The Center for Sleep Medicine at CCMH specializes in the diagnosis and treatment of sleep disorders in adults. Every night, millions of people go to sleep hoping to wake in the morning rested and relaxed. However, for many, this is just not possible. They suffer from a sleep disorder.
If your doctor suspects you have sleep apnea or another sleep disorder, he/she will prescribe a sleep study in a sleep lab. Patients typically arrive at the sleep lab in the early evening and leave the next morning. Each patient has a comfortable, private room. Our objective is to provide a natural sleeping environment with hotel-like accommodations.
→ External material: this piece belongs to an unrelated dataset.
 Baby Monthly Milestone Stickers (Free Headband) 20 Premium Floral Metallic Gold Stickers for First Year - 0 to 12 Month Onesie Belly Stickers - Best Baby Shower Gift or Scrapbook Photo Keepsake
The sleep study, also called a polysomnogram, records brain activity, eye movement, oxygen and carbon dioxide blood levels, heart rate and rhythm, breathing rate and rhythm, the flow of air through your mouth and nose, snoring, body muscle movements, and chest and belly movement. The results are used to determine if you have one or more of the 80 sleep disorders that can interfere with your good night’s sleep.
- An oximeter to measure how your blood oxygen levels change during sleep (blood oxygen levels decrease during apnea episodes).
- Electromyography (EMG) to measure the activity of the muscle groups around your chin, lower leg (tibia) and eyes.
- Electrooculography (EOG) to measure eye movement, which are slower when you are in rapid eye movement sleep (REM sleep).
- Electrocardiography (EKG, ECG) to measure the electrical activity of your heart.
- Electroencephalography (EEG) to measure brain wave activity to determine the different stages of sleep.
- Brain wave patterns also can be used to tell when you are in REM sleep.
- Chest plethysmography to measure chest wall movements, which shows when you are taking a breath.
- This helps determine if you stop breathing or have slower breathing during sleep and how often this happens.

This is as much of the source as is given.